Um lado cruel dessas fake news é que não foram usadas só para atribuir a pecha de maníaco sexual a petistas. O mecanismo foi usado até para desacreditar as vacinas em plena pandemia da Covid-19!

Resultado: a vacinação como um todo despencou por causa dessas mentiras, e até doenças que estavam controladas há anos, como sarampo e poliomelite, agora correm o risco de voltar.

Charge do Duke ironizando fala de Bolsonaro em dezembro de 2020: “Lá no contrato da Pfizer, está bem claro nós (a Pfizer) não nos responsabilizamos por qualquer efeito colateral. Se você virar um jacaré, é problema seu”.

O ódio (e a violência) entre os jovens e a resposta no Congresso

Uma terceira frente do ódio normalizado por Bolsonaro e facilitado pela internet é a que vimos neste início de ano hediondo, com crianças e adolescentes fazendo ameaças contra escolas, e uns contra os outros. Lembrando que o acesso às armas e o discurso armamentista também foi insuflado durante o bolsonarismo.

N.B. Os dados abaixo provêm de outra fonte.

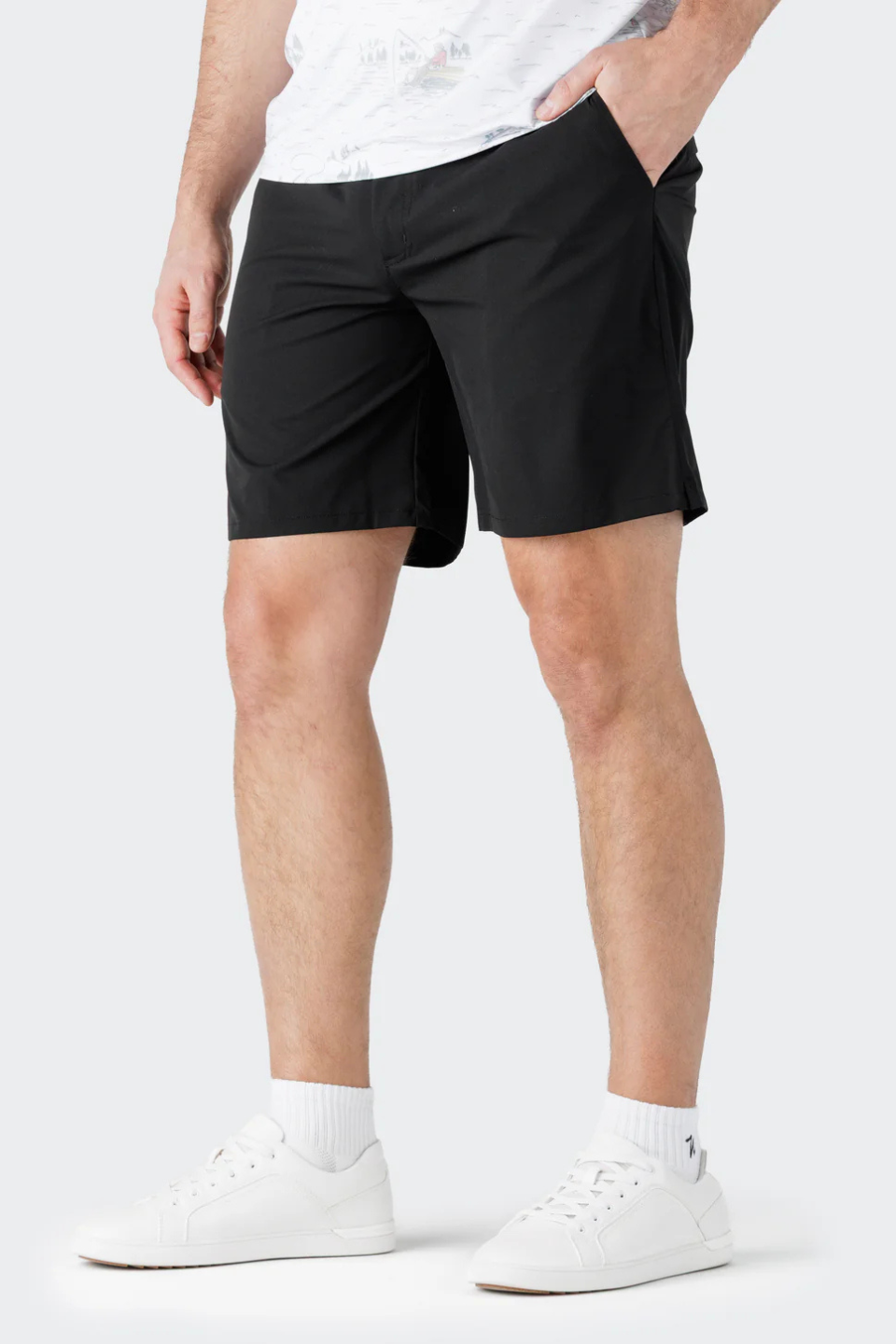 Waggle Scramble Men's Short in Onyx WAGGLE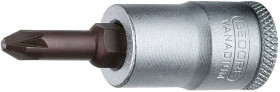 Gedore IKS 30 PZD 2 1640976 krzyżakowy Pozidriv Końcówka wkrętaka 0 mm PZ 2 3/8" (10 mm)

Charge mostra Bolsonaro atirando com arma de fogo contra o mar.
Charge de Benett na “Folha de S.Paulo”, em 2020.

Depois de tanta disseminação de mentiras, que colocaram até as instituições democráticas em risco no Brasil, e de discursos de ódio, que estão levando até nossas crianças e adolescentes a extremismos violentos, surgiu uma reação.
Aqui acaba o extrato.